How to properly use distributed pytorch with infiniband support

I’m using pytorch on a cluster connected by infiniband(56Gb FDR).
I want to run a distributed training, where each process controls one GPU and the gradients are averaged cross processes by ‘allreduce’(I’m using mpi backend). I except this should scale well just like mpi-based caffe with Inifiniband support.

So I build pytorch from source and WITH_DISTRIBUTED=1, also i’m sure that the MPI libraries are build with Infiniband support(work well with mpi-based caffe). I expect this run faster on 8 GPUs than using ‘DataParallel’, bypassing GIL issues. But actually the performance was poorer.

After some profiling I found that the bottleneck is in ‘allreduce’, which should be faster with infiniband. To ensure that the communication is running through IB, I test the point-to-point bandwidth using dist.send/recv. It’s about 3.7GB/s, which is weird, since Ethernet generally cannot reach this number, while it is only about half of the theoretical bandwidth of Infiniband(I also test the bandwidth using osu benchmark, which shows 11GB/s and 6GB/s intra or inter node).

Here are my numbers:
On Titan Xp, resnet50 with batchsize 32 per GPU runs for 0.15s per iteration for 1 GPU and 0.3s per iteration for 8 GPU when using ‘DataParallel’.
When using 8 processes and average gradients by ‘allreduce’ after loss.backward, it runs for 0.45s per iteration, which is even slower than ‘DataParallel’. It cost about 0.3s in allreduce.

It seems that MPI is not working properly with pytorch under my setttings. Am I missed something? I have searched and tried for 2 days but still cannot get it work, really appreciated for any help!

PS: I also tried the ‘gloo’ backend, with the infiniband patch issued here, it could run but performed even poorer(similar to ‘tcp’ backend).


We would recommend to use Gloo backend, which current has some known issues for IB and we are currently actively working on it.

1 Like

MPI backend isn’t that well-tested, and depending on what MPI version you are using, the thread-support in MPI also has known perf issues and being not well-tested. PyTorch’s MPI backend currently uses MPI threads. That’s why we recommend to use Gloo backend.

NCCL2 is another backend we are currently actively working on to support IB. is PR and you can check the status there. It will be available hopefully soon.

One of the problems is that MPI backend doesn’t really support CUDA. Apparently we’re missing some checks for this, but it should be easy to add CUDA support. Thanks for the feedback.

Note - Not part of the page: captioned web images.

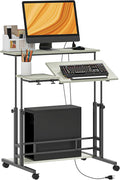 HOMCOM Height Adjustable Standing Desk with Power Outlets Stand Up Desk with Tiltable Tabletop Lockable Wheels Bottom Shelf Rolling Workstation for Home Office Oak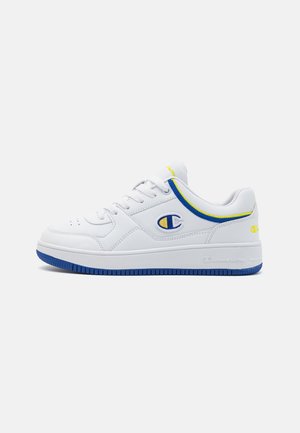 Zapatilla baja blanca de Champion con detalles en azul y amarillo, puntera perforada y suela azul, vista lateral sobre fondo blanco.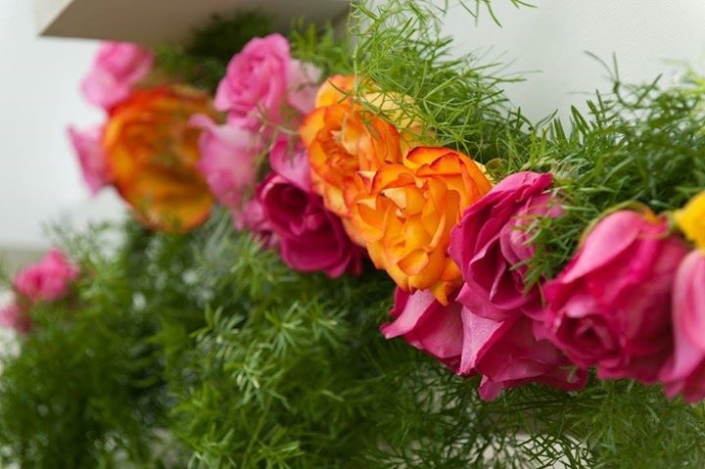A garland of flowers and greenery is hanging on a wall.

Can you please provide us some more details like the script you are using for training (doesn’t have to be the same exact script, just something we can use to benchmarks) and the scripts you used for benchmarking bandwidth?

One of the reasons why you can see it running slower is this piece. You can see that MPI doesn’t allow us to run all-reduce in-place, so we have to do this extra memcpy that will lower the bandwidth. Additionally, the memcpy is incorrect if tensor is CUDA

Thanks for your reply!

I’m currently testing only using cpu tensors. It seems that the data transfer between process dominates.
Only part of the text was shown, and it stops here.